> WHAT TO WORK ON
Without including any pictures, reproduce the full listing exactly.

> INFORMATION SHOWN
======

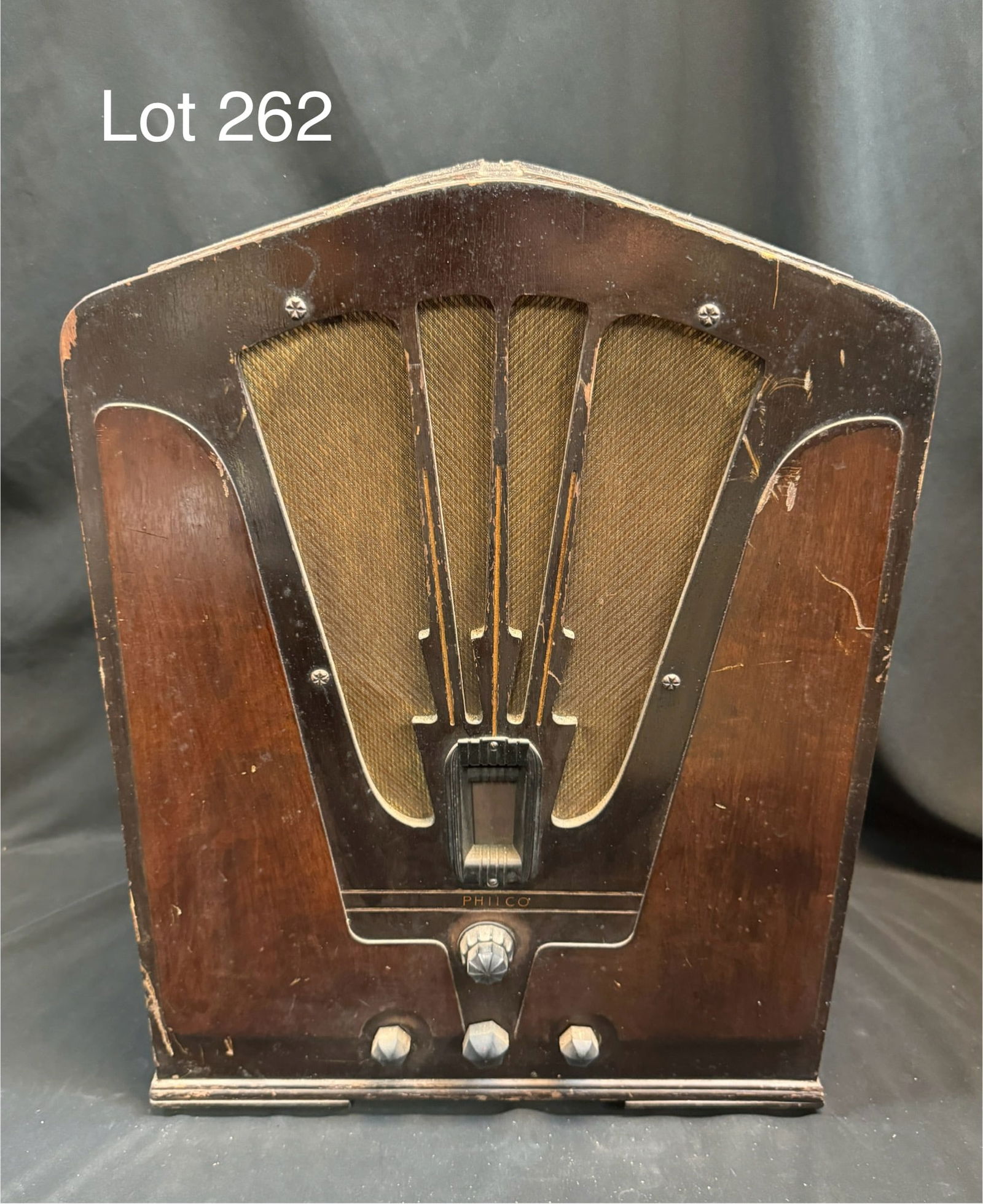 Philco Model 16B Tube Tombstone Radio: A 1930s Philco model 16B tube tombstone radio. Two tone wood case, fan-like cut out cloth grille, window dial w/ 4 knobs. Piece shows wear, corrosion, and residue. Comes with extra Sylvania tube.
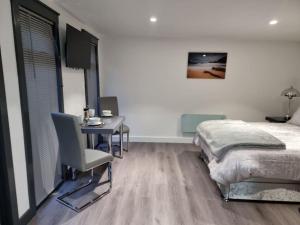 a bedroom with a desk and a bed and a table and chair at Breda Lodge Cosy Studio Space in Belfast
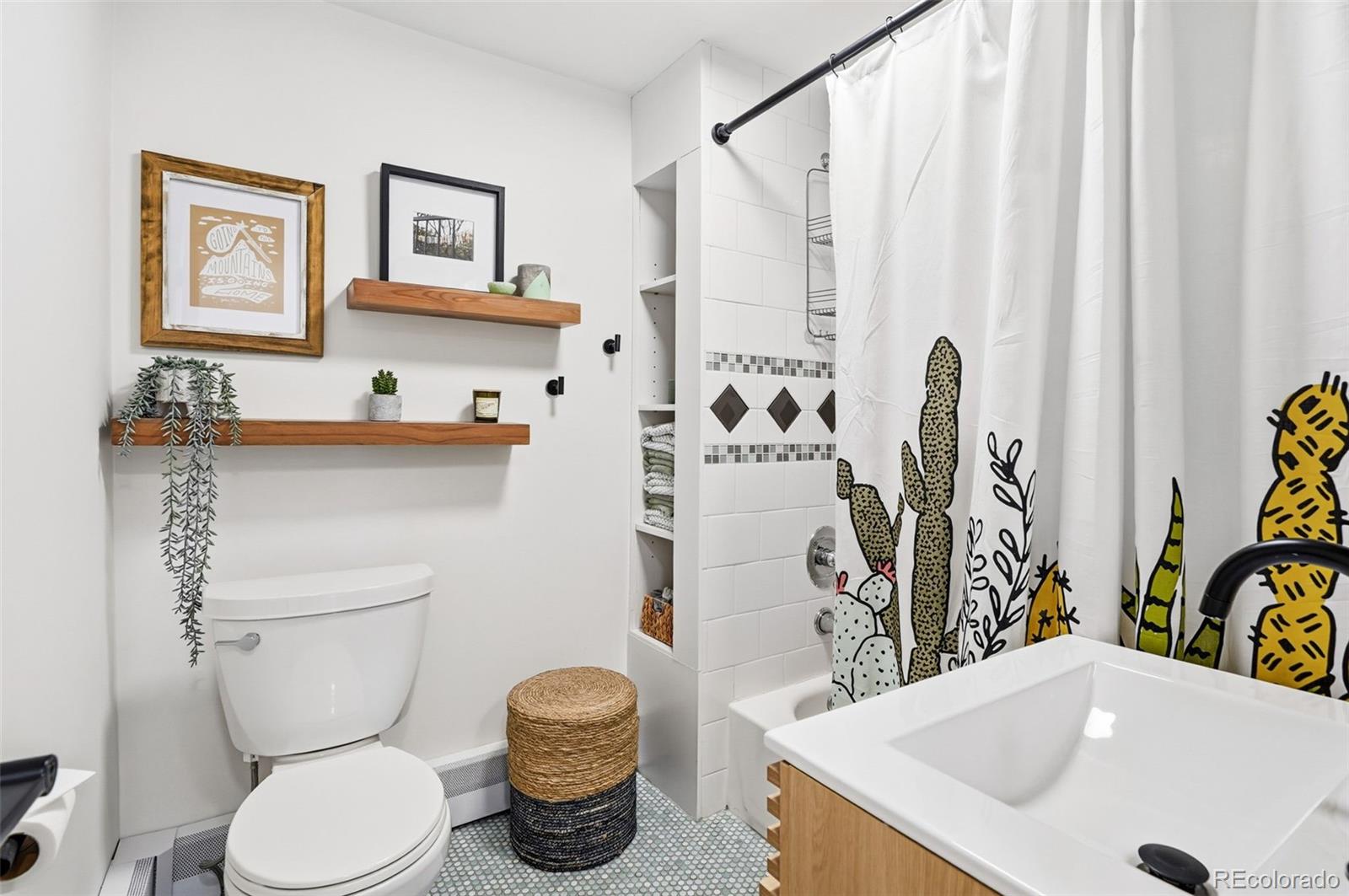 6940 Independence Street Arvada, CO 80004 - Photo 19 of 32 a bathroom with a sink a toilet and a mirror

======

> OUTPUT OF THE EXERCISE
 Philco Model 16B Tube Tombstone Radio: A 1930s Philco model 16B tube tombstone radio. Two tone wood case, fan-like cut out cloth grille, window dial w/ 4 knobs. Piece shows wear, corrosion, and residue. Comes with extra Sylvania tube.
 a bedroom with a desk and a bed and a table and chair at Breda Lodge Cosy Studio Space in Belfast
 6940 Independence Street Arvada, CO 80004 - Photo 19 of 32 a bathroom with a sink a toilet and a mirror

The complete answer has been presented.